What you will do: Leave every picture out. Set down all the lines below exactly.

Material provided:
::::

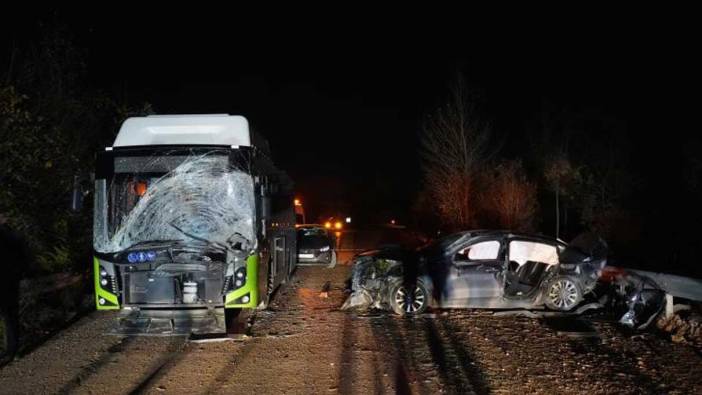 Belediye otobüsüyle kafa kafaya çarpışan otomobil hurdaya döndü: 1 ölü 2 yaralı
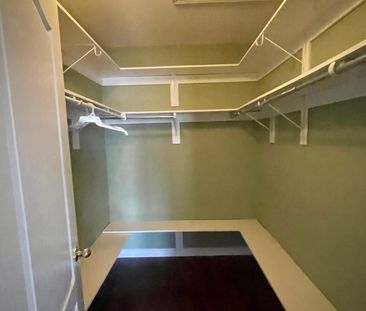 For Lease - 215 Edenbrook Hill Drive, Brampton, Ontario - Photo 3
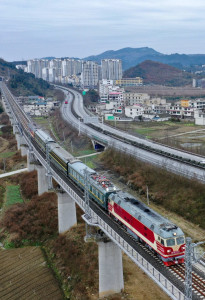 瓮马铁路最新动态，科技驱动，重塑铁路之旅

::::

Answer section:
 Belediye otobüsüyle kafa kafaya çarpışan otomobil hurdaya döndü: 1 ölü 2 yaralı
 For Lease - 215 Edenbrook Hill Drive, Brampton, Ontario - Photo 3
 瓮马铁路最新动态，科技驱动，重塑铁路之旅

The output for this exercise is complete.